Japan is the only country listed in the table that offers at least six months at full pay for fathers. However, Unicef found that only one in 20 fathers in the country took paid leave in 2017.
Similarly, South Korea has the second longest period of paid paternity leave available, but fathers were found to make up just one in six of all parents who take parental leave.
The researchers behind Unicef’s report say that paid paternity leave helps fathers bond with their babies, contributes to healthy infant and child development, lowers maternal depression and increases gender equality. As a result, the organisation is calling for national policies ensuring paid paternity leave and encouraging fathers to use it.
Liam Sollis, head of policy and advocacy at Unicef UK, says: “Evidence shows that a child’s brain develops the fastest in its early years, and that during this period parents and caregivers have a vital role in providing nurturing interactions, good nutrition and sensory and motor stimulation.”
Parental leave legislation in the UK entitles parents to share up to 50 weeks of leave and up to 37 weeks of pay during the first year after the child is born or, in the case of adoption, placed with the family.

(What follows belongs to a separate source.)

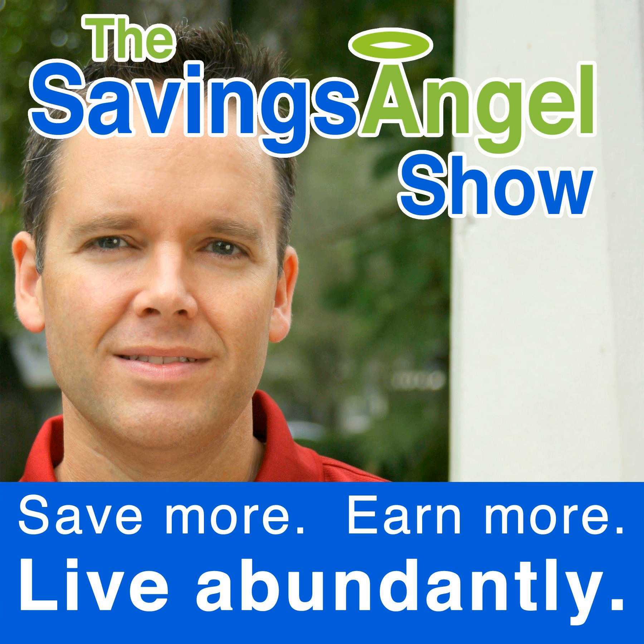Anyone with a 401k or other retirement plan needs to check out the health of their investments through Bloom — that's Bloom with three O's. Bloom can give you a free analysis of your plan within five minutes. I'm actually going to be talking with Chris Costello from Bloom in just a little bit. Getting your portfolio right can have a significant impact on long-term growth that could make thousands of dollars difference at retirement time. The analysis from Bloom will tell you if you have the right balance between stocks and bonds and much more.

The UK’s Shared Parental Leave (SPL) can be used in blocks “separated by periods of work, or take[n] all in one go”, the Government states. Parents can also choose to take time off work together or to stagger the leave and pay.
However, only 1 per cent of new parents used shared parental leave last year, according to research from the Trades Union Congress, prompting calls for an overhaul of the system.
Just 9,200 new parents took up shared leave in 2018 out of more than 900,000 who were eligible, the study found.
“UK working parents and caregivers still face major challenges balancing work and their caregiving responsibilities,” adds Sollis.
“While the UK government is taking steps to review and raise awareness of family friendly policies, take-up of shared parental leave, particularly amongst fathers, remains unacceptably low, and governments and businesses need to do more to tackle the financial, cultural and administrative obstacles that many families face.”
According to data from 29 countries listed in the report, parents of young children in the UK were the most likely to cite cost as the reason why they do not use formal nursery childcare.
However, in Czech Republic, Denmark and Sweden, finances were an issue for less than one in 100 parents who said that they had an unmet need for childcare services.
According to the 2018 Global Gender Gap Report, published by the World Economic Forum in October, it will take an estimated 202 years for economic equality between men and women to be achieved.